In such code a basic block block is simply a sequence of
statements beginning with a label
that contains no branches (other than subroutine
calls) or other labels.
- To preserve control flow information, such compilers
build a directed graph whose nodes are basic blocks
and whose edges represent possible branches between
blocks. This is called a control flow graph.
- Describing a basic block in our intermediate form is
a bit trickier since trees aren't quite as linear as
pseudo-assembly language.
Luckly, since we are only interested in using basic
blocks to identify sequences of straight line code we can take
a simpler approach.
- The approach I want you to imagine depends on two facts:
- All we need to do to apply a local optimization algorithm to basic
blocks is take the code used to do a "standard"
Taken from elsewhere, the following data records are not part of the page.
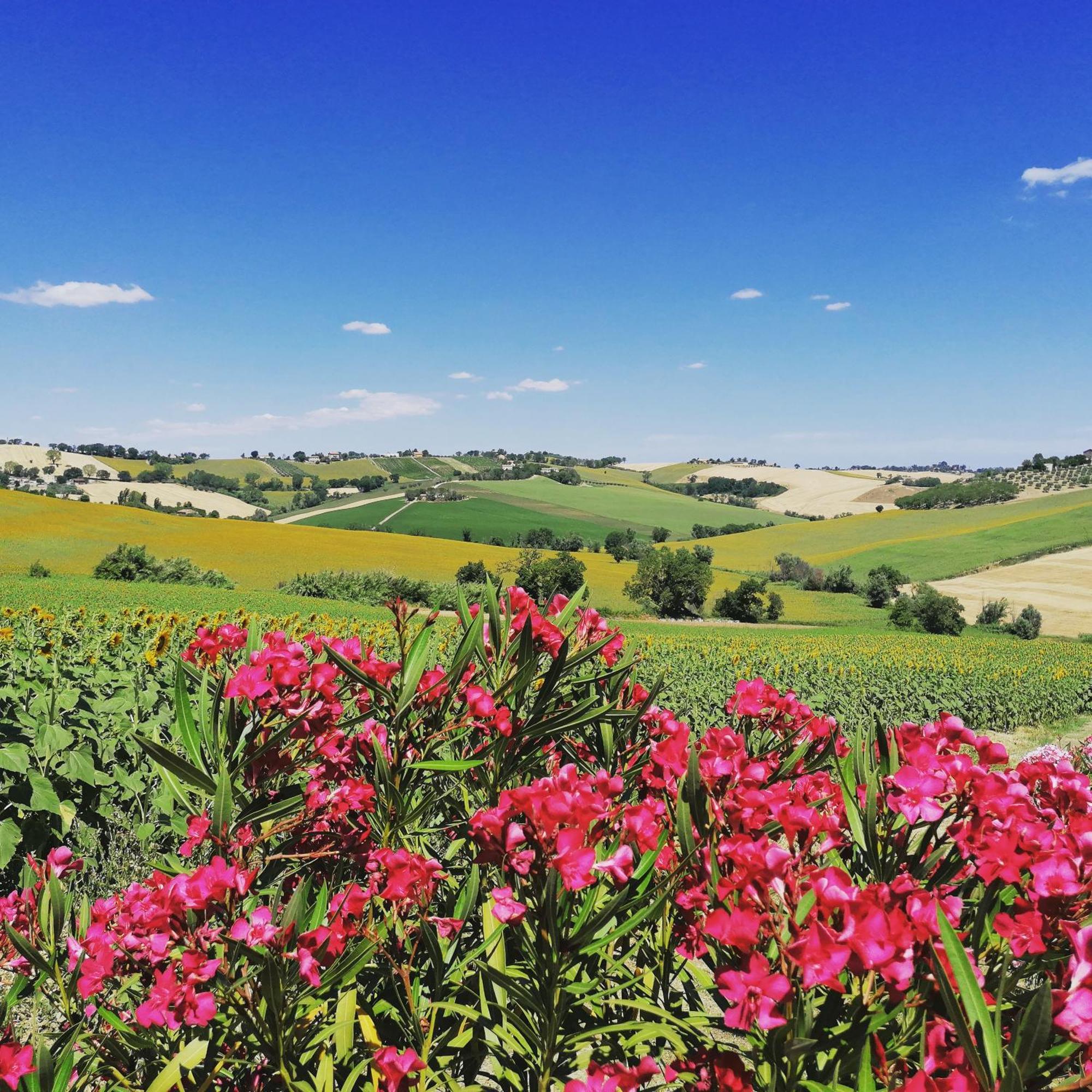 Il Giardino Nella Valle Belvedere Ostrense Exteriör bild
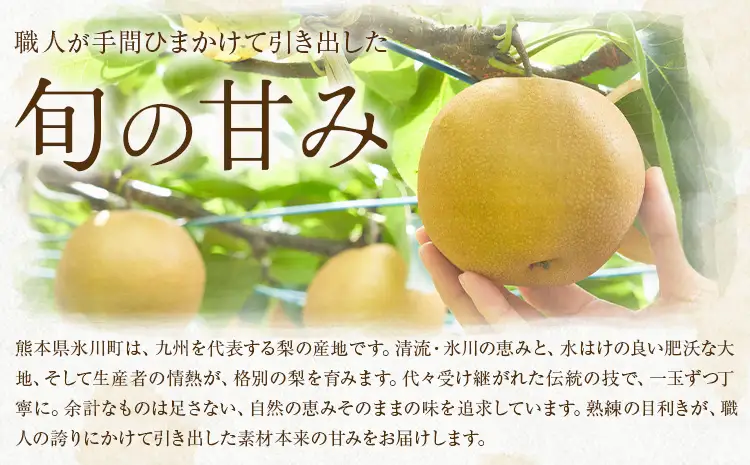 先行予約 旬の梨 約4kg 梨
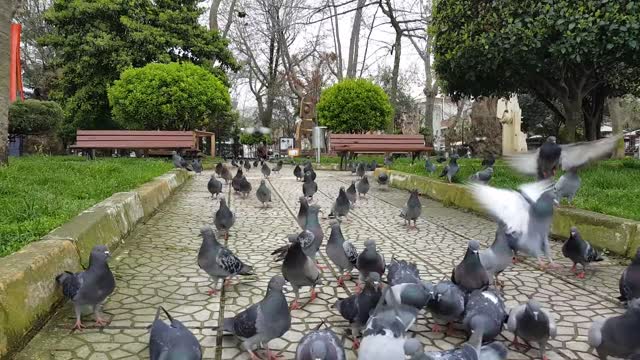 Pigeon - 5938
traversal of the syntax tree and figure out where to put the
"initialize various data structures" steps.
- To make this precise, here are sketches of
some pieces of the optimization traversal
code:
void optimizeStmtList( node * slist ) {
visitlist( slist, optimizeStmt, 0);
}
void optimizeStmt( node * stmt ) {
switch (stmt->internal.type ) {
case Nif:
optimizeIf( stmt );
break;
case Nwhile:
...
}
void optimizeIf( node * stmt ) {
optimizeExpr( stmt->internal.child[0] );
startNewBlock();
optimizeStmtList( stmt->internal.child[1] );
startNewBlock();
if ( there is an else part ) {
optimizeStmtList( stmt->internal.child[2]);
startNewBlock();
}
}
- We can also take advantage of the fact that our goal is local
optimization by working with a slightly
looser definition of basic blocks.
- At a point where control branches
we can continue to propagate CSE information down one of the
branches (or both if we are willing to save the state
of the algorithm when we head down the first branch).
We just have to start over again whenever two control
paths joing.
- This leads to the notion of an "extended basic block".
- In low-level (assembly language like) intermediate
forms, a extended basic block is a sequence of
statements starting with a label (or the entry
point of a procedure) that includes no other
labels (but may contain branches unlike simple
basic blocks).
- Note that an extended basic block will be the
union of a sequence of basic blocks.
- In our trees, extended basic blocks can be formed
by leaving out the "startNewBlock" except at
points where we know labels may be placed.